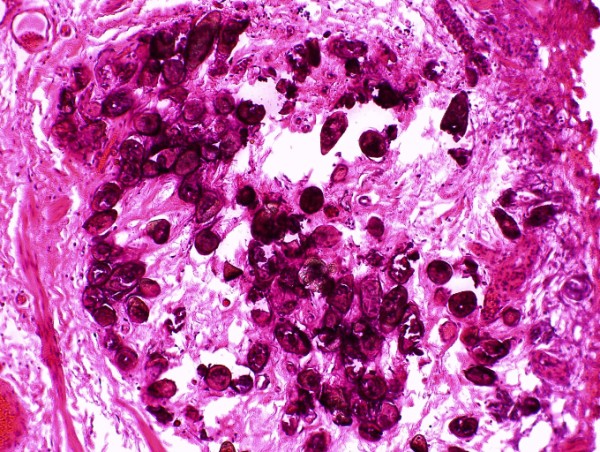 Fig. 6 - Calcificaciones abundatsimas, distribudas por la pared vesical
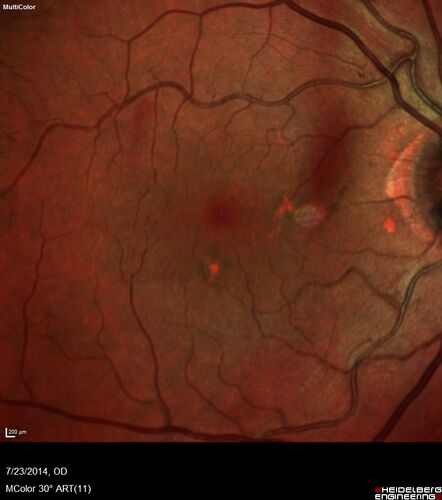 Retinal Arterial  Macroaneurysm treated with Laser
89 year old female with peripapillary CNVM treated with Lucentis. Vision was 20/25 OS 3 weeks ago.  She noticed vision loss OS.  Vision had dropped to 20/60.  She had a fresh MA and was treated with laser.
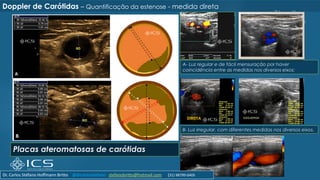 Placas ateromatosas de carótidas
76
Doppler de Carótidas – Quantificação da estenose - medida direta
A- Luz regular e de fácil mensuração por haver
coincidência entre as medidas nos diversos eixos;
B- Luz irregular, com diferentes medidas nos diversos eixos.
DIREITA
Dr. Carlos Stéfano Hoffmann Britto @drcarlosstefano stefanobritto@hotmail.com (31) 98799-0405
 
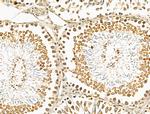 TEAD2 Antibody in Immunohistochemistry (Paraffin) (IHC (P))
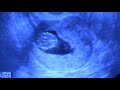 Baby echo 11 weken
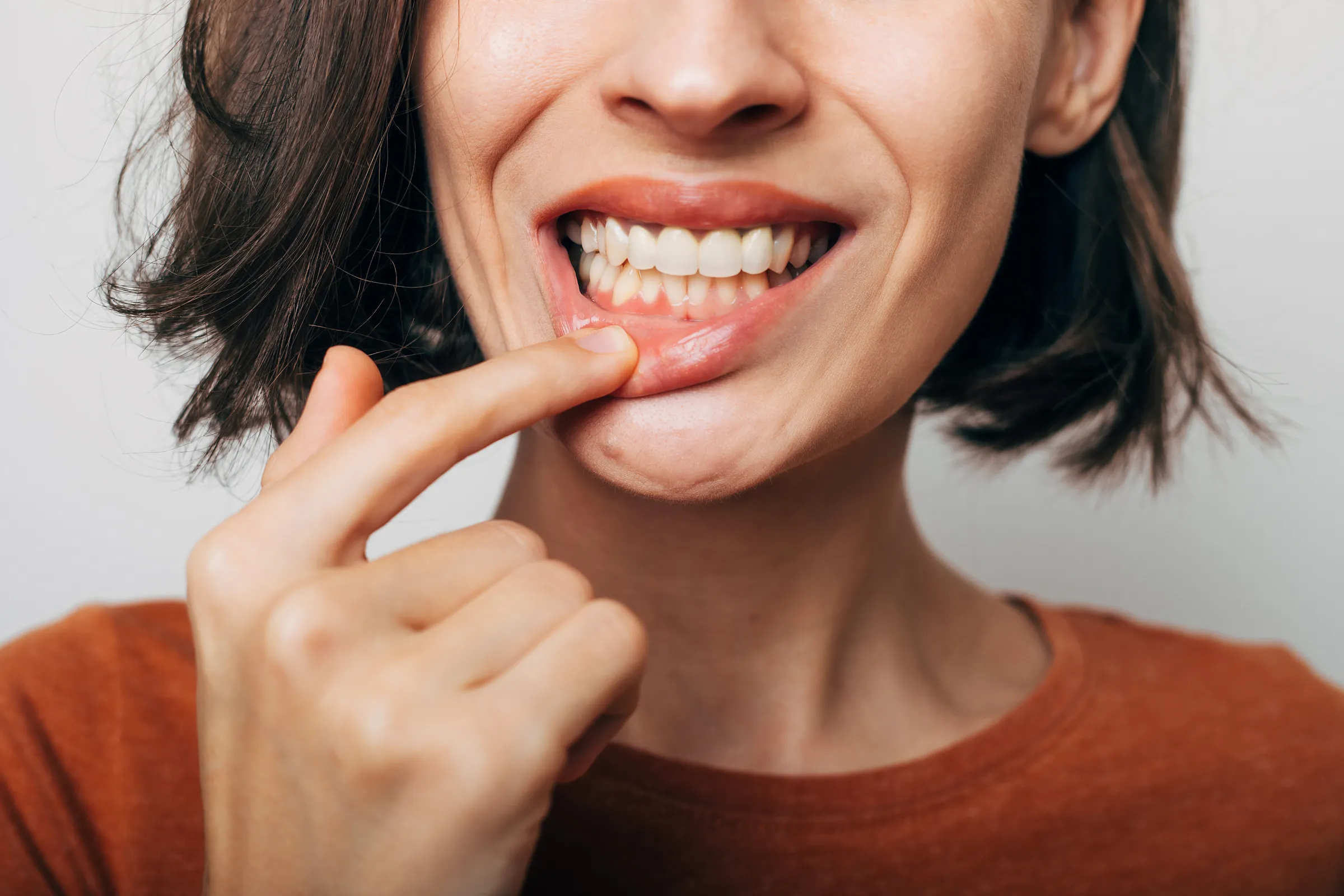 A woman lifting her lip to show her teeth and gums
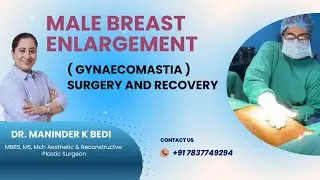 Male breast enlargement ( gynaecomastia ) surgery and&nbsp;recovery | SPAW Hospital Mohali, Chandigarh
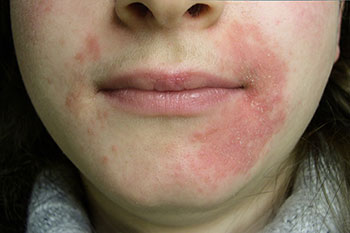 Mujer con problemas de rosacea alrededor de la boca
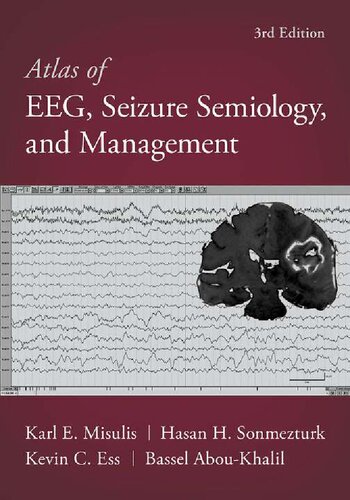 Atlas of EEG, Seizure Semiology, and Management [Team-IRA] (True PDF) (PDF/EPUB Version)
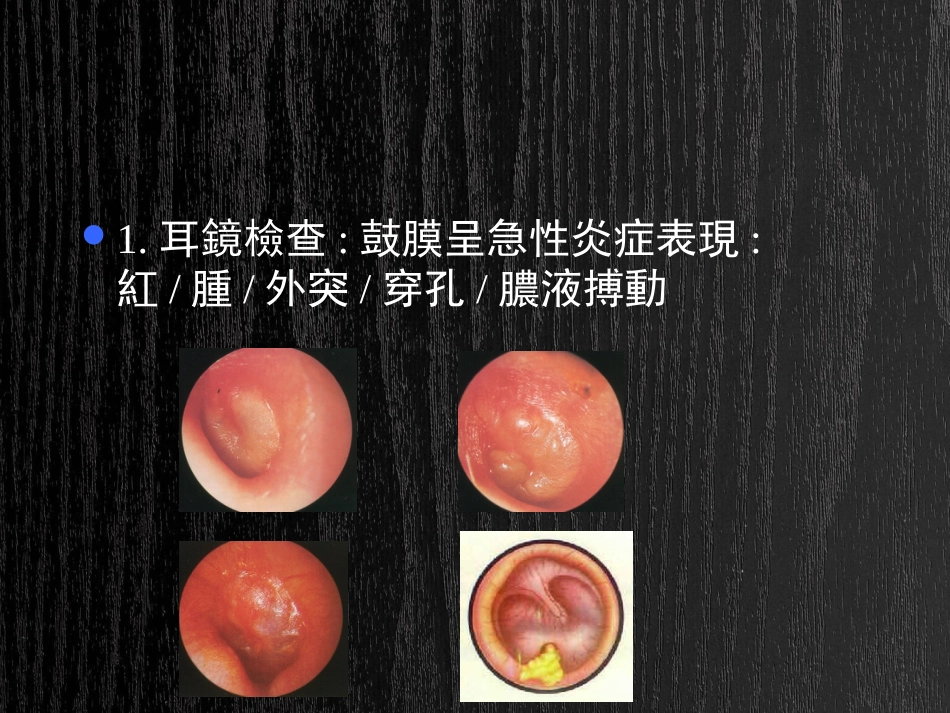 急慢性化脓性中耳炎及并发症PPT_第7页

YOUR ASSIGNMENT: Each line, from the beginning of the listing to the line bearing "Macroaneurysm treated with Laser" inclusive, should be copied exactly; the pictures stay out.

TASK OUTPUT:
 Fig. 6 - Calcificaciones abundatsimas, distribudas por la pared vesical
 Retinal Arterial  Macroaneurysm treated with Laser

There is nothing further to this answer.